Pendant quatre ans, dans la ville de Lorient, le nom
de Stosskopf fut honni des patriotes. Comment supposer en effet que
Jacques Stosskopf puisse être autre "chose" qu'un
collaborateur et un ancien agent de la cinquième colonne ?
Cependant, à l'insu de
tous, accablé par le mépris de ceux qui l'entourent, Stosskopf
accomplit une oeuvre surhumaine. Pas un sous-marin ne franchit la passe
de Port-Louis sans que les Alliés n'en soient avertis.
Par des conversations avec les Allemands, il
receuille des renseignements vitaux qu'il communique aux anglais.
Favorisé par sa mémoire, il arrive lui même à identifier des
dizaines de sous-marins qui ne portent ni nom, ni numéro.
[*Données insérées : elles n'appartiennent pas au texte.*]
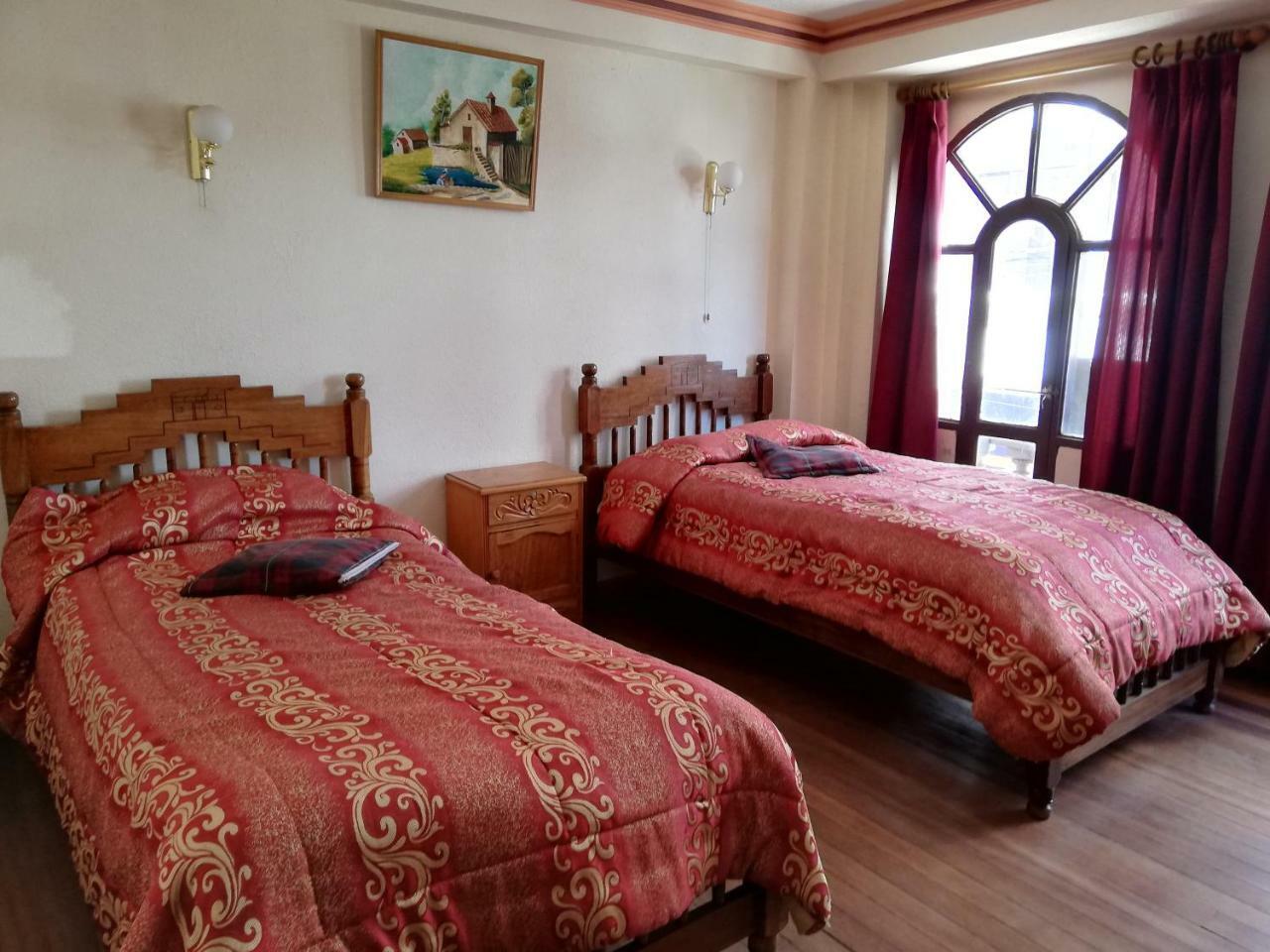 Hotel Las Kantutas Copacabana  Extérieur photo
Il encourage le sabotage dans l'arsenal et la grève
perlée. L'aviso Bisson, ainsi que d'autres batiments en construction à
l'époque de l'armistice ne seront terminés qu'après la libération.
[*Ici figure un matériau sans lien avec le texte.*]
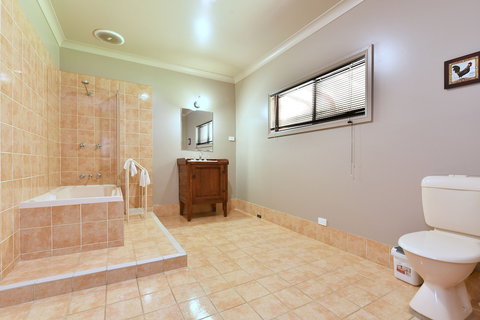 Ironstone Estate - Darwin Holiday 4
A ses camarades de travail, il a
alissé de très beaux et très purs souvenirs. Ce n'était pas
seulement un chef respecté mais aussi un camarade très sur et un ami
cordial. Son patriotisme intransigeant n'appelait pas en eux le moindre
doute. Les chefs allemands qui commandaient à Lorient se rendirent bien
compte à partir de 1943 que le comportement de Stosskopf n'était pas
celui d'un ami du reich.
Au début de l'année 1944,
un agent du réseau "Alliance" torturé par la Gestapo donne
le nom de Stosskopf qui est arrété le 21 février de la même année.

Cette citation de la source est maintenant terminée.